To delete everything from a certain namespace you use the -n flag:
kubectl delete all --all -n {namespace}
Method 2: You can also delete a namespace and re-create it. This will delete everything that belongs to it:
kubectl delete namespace {namespace}
kubectl create namespace {namespace}
Note (thanks #Marcus): all in kubernetes does not refers to every kubernetes object, such as admin level resources (limits, quota, policy, authorization rules). If you really want to make sure to delete eveything, it's better to delete the namespace and re-create it. Another way to do that is to use kubectl api-resources to get all resource types, as seen here:
kubectl delete "$(kubectl api-resources --namespaced=true --verbs=delete -o name | tr "\n" "," | sed -e 's/,$//')" --all
Kubernetes Namespace would be the perfect options for you. You can easily create namespace resource.
kubectl create -f custom-namespace.yaml
$ apiVersion: v1
kind: Namespace
metadata:
name:custom-namespace
Now you can deploy all of the other resources(Deployment,ReplicaSet,Services etc) in that custom namespaces.

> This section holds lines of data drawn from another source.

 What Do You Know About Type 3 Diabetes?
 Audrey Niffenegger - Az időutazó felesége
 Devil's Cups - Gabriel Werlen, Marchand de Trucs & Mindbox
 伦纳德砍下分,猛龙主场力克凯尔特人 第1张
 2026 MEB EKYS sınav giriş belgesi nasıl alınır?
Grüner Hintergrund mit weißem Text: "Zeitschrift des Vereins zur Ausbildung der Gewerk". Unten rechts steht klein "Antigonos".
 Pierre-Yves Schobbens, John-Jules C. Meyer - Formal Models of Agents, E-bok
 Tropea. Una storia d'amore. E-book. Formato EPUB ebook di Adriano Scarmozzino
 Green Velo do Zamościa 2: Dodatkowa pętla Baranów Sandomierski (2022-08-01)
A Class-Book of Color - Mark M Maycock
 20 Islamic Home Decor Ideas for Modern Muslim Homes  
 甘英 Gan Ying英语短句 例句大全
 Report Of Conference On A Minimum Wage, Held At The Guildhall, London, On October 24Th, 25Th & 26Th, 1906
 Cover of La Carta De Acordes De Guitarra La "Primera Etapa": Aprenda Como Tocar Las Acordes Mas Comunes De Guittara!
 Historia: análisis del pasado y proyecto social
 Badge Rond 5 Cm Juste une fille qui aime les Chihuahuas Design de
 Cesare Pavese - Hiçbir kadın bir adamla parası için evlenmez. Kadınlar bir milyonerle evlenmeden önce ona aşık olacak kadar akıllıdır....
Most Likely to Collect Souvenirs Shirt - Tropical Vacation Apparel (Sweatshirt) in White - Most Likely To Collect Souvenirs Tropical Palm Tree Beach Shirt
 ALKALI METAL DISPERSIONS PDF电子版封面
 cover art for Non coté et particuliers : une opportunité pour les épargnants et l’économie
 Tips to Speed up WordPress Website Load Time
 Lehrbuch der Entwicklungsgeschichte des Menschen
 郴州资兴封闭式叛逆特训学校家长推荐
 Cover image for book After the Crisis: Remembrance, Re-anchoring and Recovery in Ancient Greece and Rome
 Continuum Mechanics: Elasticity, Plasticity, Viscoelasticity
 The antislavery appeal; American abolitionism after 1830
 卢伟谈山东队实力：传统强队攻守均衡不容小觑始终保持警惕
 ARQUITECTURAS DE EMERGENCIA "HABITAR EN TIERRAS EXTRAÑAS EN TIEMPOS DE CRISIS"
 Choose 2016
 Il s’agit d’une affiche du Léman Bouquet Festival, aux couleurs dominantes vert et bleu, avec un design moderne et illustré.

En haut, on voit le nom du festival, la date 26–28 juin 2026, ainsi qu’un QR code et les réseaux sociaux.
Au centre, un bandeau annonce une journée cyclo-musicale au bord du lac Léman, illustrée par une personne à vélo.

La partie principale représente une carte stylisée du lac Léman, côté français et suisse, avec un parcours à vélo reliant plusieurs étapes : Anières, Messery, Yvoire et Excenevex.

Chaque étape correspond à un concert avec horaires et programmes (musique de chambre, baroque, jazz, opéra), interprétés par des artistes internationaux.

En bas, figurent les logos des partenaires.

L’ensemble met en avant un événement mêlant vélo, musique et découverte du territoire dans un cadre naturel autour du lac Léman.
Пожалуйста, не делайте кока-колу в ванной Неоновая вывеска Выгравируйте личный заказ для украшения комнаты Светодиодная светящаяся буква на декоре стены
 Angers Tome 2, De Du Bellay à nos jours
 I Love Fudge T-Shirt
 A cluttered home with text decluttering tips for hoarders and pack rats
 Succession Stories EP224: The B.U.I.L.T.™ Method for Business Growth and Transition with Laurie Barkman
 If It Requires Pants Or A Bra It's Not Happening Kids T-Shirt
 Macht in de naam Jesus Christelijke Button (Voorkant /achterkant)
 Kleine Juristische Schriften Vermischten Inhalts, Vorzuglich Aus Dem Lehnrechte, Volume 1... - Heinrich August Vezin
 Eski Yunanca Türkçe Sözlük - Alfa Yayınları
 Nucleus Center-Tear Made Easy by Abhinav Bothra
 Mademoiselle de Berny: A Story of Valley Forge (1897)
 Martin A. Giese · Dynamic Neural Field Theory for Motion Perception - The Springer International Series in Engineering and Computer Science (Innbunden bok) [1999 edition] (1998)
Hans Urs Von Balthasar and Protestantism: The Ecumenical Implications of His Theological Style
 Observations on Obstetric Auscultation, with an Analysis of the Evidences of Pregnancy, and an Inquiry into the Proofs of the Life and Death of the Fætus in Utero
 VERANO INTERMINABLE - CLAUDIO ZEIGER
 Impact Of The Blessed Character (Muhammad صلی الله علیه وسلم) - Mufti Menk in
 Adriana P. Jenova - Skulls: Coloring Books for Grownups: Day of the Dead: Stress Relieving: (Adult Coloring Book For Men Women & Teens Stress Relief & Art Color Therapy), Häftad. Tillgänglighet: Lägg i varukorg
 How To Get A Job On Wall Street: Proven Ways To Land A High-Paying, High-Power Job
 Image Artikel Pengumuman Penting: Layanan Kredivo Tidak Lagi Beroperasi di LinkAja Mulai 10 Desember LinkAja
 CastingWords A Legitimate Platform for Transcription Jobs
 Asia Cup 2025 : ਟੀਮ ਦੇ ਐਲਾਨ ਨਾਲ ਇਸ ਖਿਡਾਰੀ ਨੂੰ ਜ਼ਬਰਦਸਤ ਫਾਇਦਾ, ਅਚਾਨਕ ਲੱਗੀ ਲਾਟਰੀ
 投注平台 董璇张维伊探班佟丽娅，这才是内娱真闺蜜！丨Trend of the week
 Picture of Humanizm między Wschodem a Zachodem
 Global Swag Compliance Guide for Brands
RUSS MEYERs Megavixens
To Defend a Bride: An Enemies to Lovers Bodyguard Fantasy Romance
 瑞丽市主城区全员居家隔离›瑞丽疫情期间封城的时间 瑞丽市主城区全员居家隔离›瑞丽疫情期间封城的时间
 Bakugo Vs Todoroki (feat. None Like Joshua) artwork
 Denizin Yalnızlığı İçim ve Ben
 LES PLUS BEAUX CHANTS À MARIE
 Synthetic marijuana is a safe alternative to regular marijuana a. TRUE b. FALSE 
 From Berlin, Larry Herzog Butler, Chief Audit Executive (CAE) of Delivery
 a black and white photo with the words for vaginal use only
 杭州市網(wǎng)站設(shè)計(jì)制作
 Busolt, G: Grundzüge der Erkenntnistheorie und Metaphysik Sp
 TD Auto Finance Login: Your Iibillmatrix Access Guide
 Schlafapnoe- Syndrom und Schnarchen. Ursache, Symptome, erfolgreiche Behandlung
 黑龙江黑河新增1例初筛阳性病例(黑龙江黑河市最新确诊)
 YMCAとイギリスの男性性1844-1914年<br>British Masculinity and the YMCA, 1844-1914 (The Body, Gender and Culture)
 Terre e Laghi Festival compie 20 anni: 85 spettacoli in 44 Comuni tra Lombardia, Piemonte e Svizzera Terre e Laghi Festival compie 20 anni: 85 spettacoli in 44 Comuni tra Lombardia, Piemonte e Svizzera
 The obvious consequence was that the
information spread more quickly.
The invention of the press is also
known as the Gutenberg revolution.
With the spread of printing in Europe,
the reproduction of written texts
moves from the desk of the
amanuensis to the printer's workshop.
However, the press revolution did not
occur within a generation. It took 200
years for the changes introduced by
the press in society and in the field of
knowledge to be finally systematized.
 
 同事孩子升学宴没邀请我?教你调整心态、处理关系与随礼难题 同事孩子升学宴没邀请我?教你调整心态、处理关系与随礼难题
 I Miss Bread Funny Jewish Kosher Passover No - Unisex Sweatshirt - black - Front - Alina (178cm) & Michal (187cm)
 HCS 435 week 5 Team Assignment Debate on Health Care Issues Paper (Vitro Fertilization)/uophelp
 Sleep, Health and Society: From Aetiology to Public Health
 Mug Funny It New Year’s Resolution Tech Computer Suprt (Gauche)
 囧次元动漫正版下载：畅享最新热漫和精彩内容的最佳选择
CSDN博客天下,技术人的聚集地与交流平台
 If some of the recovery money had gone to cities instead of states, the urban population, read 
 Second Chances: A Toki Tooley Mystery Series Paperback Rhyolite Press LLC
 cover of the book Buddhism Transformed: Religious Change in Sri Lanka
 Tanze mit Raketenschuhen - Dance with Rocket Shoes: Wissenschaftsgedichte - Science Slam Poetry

If you want to delete all of these resources, you just need to delete custom namespace. by deleting custom namespace, all of the other resources would be deleted. Without it, ReplicaSet might create new pods when existing pods are deleted.
To work with Namespace, you need to add --namespace flag to k8s commands.
For example:
kubectl create -f deployment.yaml --namespace=custom-namespace
you can list all the pods in custom-namespace.
kubectl get pods --namespace=custom-namespace
You can also delete Kubernetes resources with the help of labels attached to it. For example, suppose below label is attached to all resource
metadata:
name: label-demo
labels:
env: dev
app: nginx
now just execute the below commands
deleting resources using app label
$ kubectl delete pods,rs,deploy,svc,cm,ing -l app=nginx
deleting resources using envirnoment label
$ kubectl delete pods,rs,deploy,svc,cm,ing -l env=dev
can also try kubectl delete all --all --all-namespaces
all refers to all resources
--all refers to all resources, including uninitialized ones
--all-namespaces in all all namespaces
First backup your namespace resources and then delete all resources found with the get all command:
kubectl get all --namespace={your-namespace} -o yaml > {your-namespace}.yaml
kubectl delete -f {your-namespace}.yaml
Nevertheless, still some resources exists in your cluster.
Check with
kubectl api-resources --verbs=list --namespaced -o name | xargs -n 1 kubectl get --show-kind --ignore-not-found --namespace {your-namespace}
If you really want to COMPLETELY delete your namespace, go ahead with:
kubectl delete namespace {your-namespace}
(tested with Client v1.23.1 and Server v1.22.3)
In case if you want to delete all K8S resources in the cluster. Then, easiest way would be to delete the entire namespace.
kubectl delete ns <name-space>
kubectl delete deploy,service,job,statefulset,pdb,networkpolicy,prometheusrule,cm,secret,ds -n namespace -l label
kubectl delete all --all
to delete all the resource in cluster.
after deleting all resources k8's will again relaunch the default services for cluster.